肝心なことに対しては、口を割らないのも中居の手だ。

 SMAPの不仲説が出た当時の報道については「なんで知っているんだろう」と笑わせ「不仲でいいんじゃないですかね」「信用する人は信用していいし」とけむに巻いた。

 2016年11月にテレビ番組『SMAP×SMAP』(フジテレビ系)で生謝罪したことについては「覚えていない」と前置きし、当時のコメントについて「あれ以上でもあれ以下でもない」と、これまた何か言っているようで何も言っていないロジックを駆使している。まるで、小泉進次郎環境相並みだ。

悪のりするメディアにピシャリ

 中居が唯一、言いよどんだ場面があった。『新しい地図』の3人の退所がメディア出演の機会を奪われたことに対し、中居は現在のレギュラー番組が継続することについて聞かれたシーンだ。

 両者の違いを聞かれた中居は「ん?」「違い?」と言い迷った後、「まあ(番組が)終わることがあるんじゃないですか」と一般論に落とし込んだ。

 SMAPの楽曲『世界に一つだけの花』の作者、槇原敬之(50)について話が及んだ際は、「やってはいけないことはやってはいけない、このひとつに限るんじゃないですか」と、またしても言葉を駆使しての一般論でかわした。

 テレビ司会者やコメンテーターらは、こぞってこの会見を「成功」とたたえた。
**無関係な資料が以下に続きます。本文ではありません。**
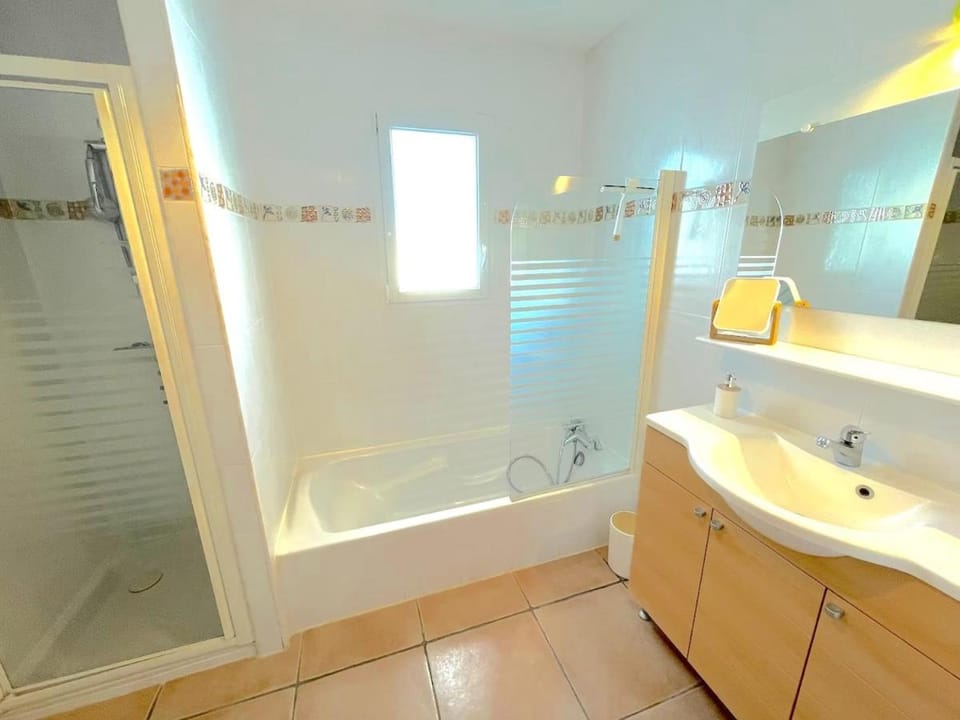 Les Terrasses des Lavandières Spa & Pool 12 people Villa in Pays de la Loire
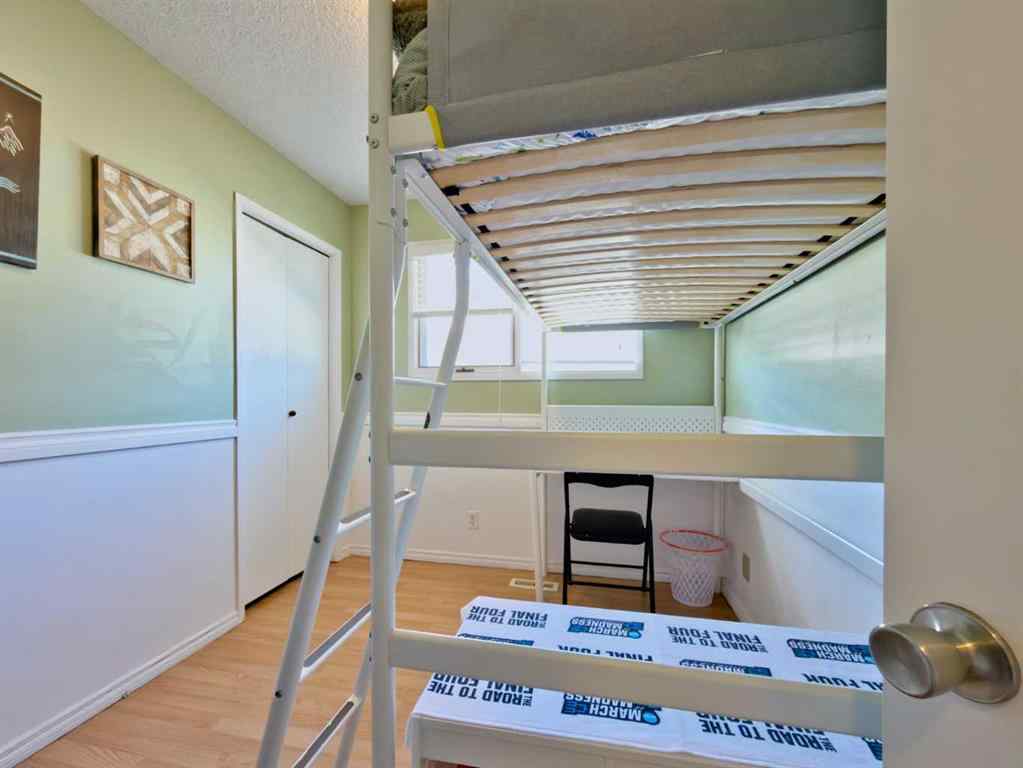 MLS® A2265950 - 8 Cayuga Crescent W   in Indian Battle Heights Lethbridge, Residential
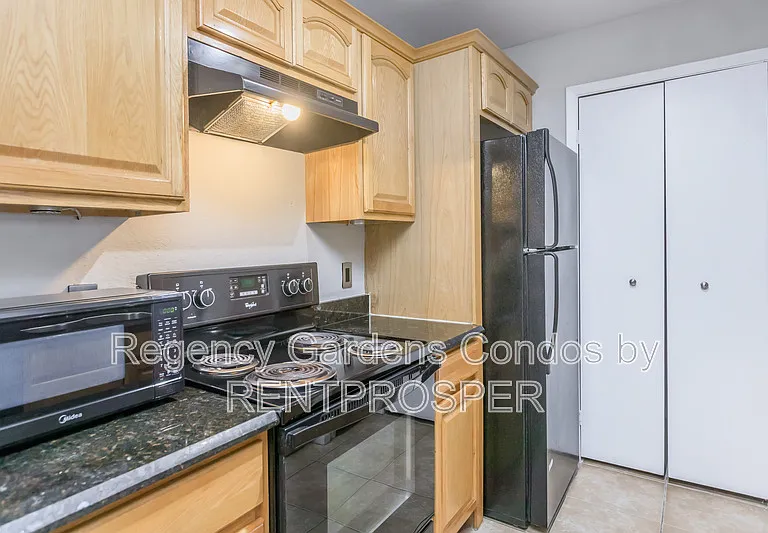 4301 Lizshire Ln #C-308 — Photo 2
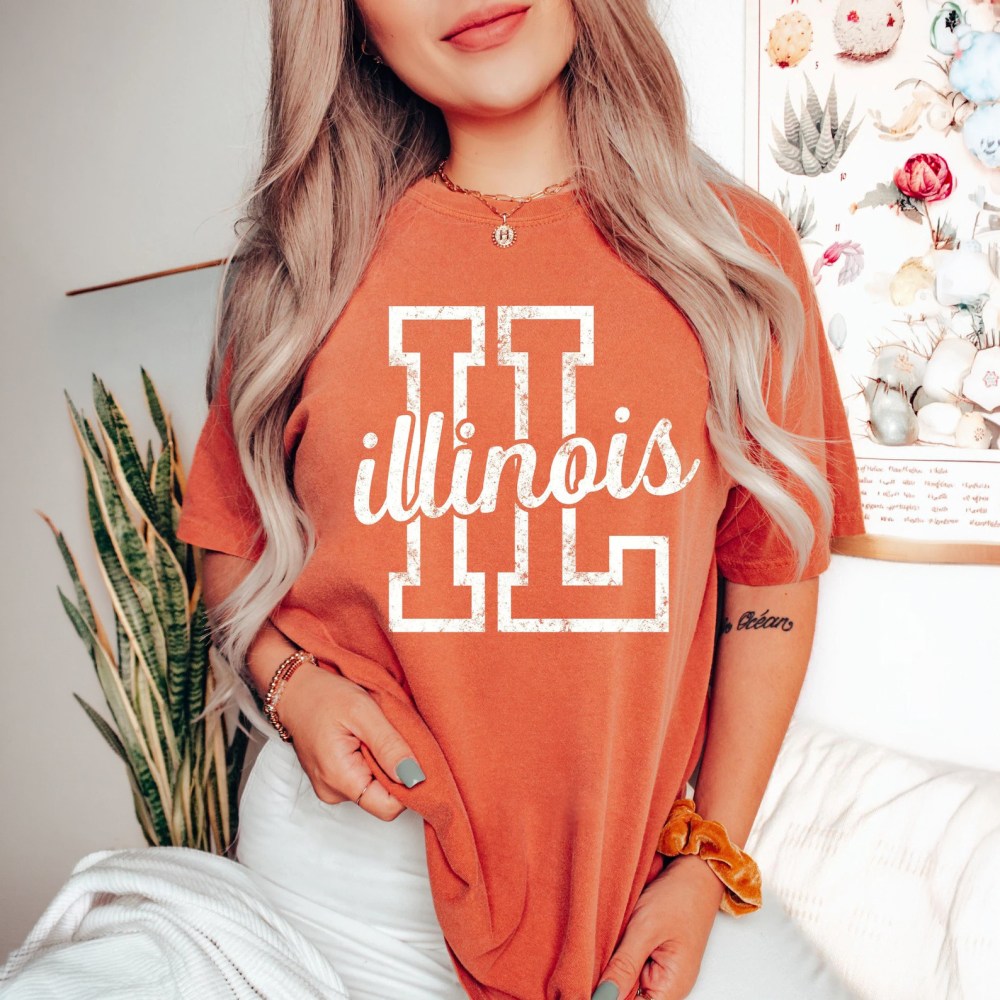 Illinois Fighting Illini 2026 March Madness T-Shirt South Regional Champions Shirt Fan Gift For Mom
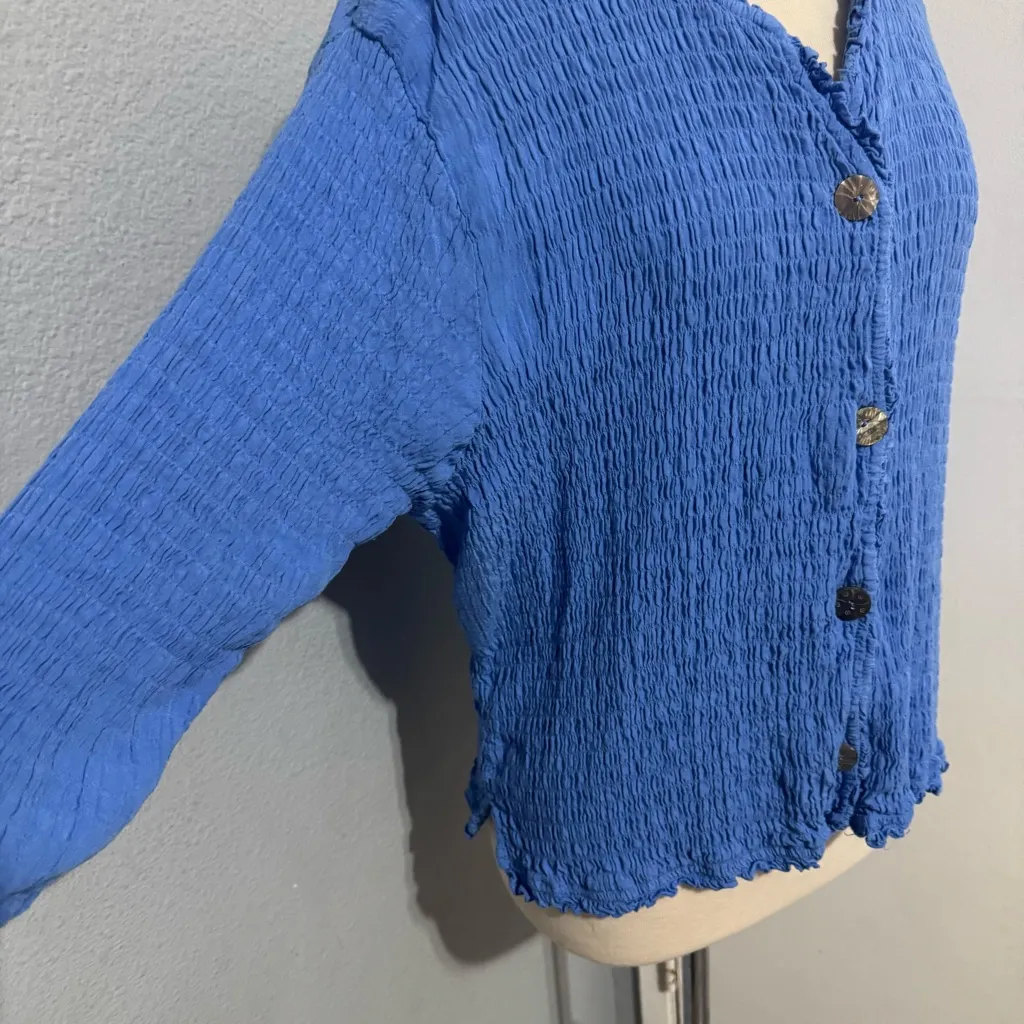 Norm Thompson Women Blue Smoked Fabric‎ Button - Image 3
それは否定できないが、成功したのは「会見」ではなく、「中居の対応」である。

 ところどころ、中居による記者いじりもあり、笑いの絶えない会見はおしまいまで盛り上がり、メディアもハイテンションが続いた。

 それに冷や水を浴びせかけたのも中居だ。

 記者が「(取材陣と)記念撮影やりませんか?」と、卓球の福原愛選手が引退会見で「記念写真を撮りませんか」と、マスコミとの撮影を言い出したことをたとえに、中居に記念写真を持ちかけたのだ。

 福原選手の場合、自分から申し出たもので許されるとしても、メディア側から記念写真を申し出るなんて、図々しいというか、明かに悪のりだ。

 中居は「その思いやりはないです!まったくない!」とピシャリ。

 最後まで中居が株をあげ、それをマスコミがアシストした会見だった。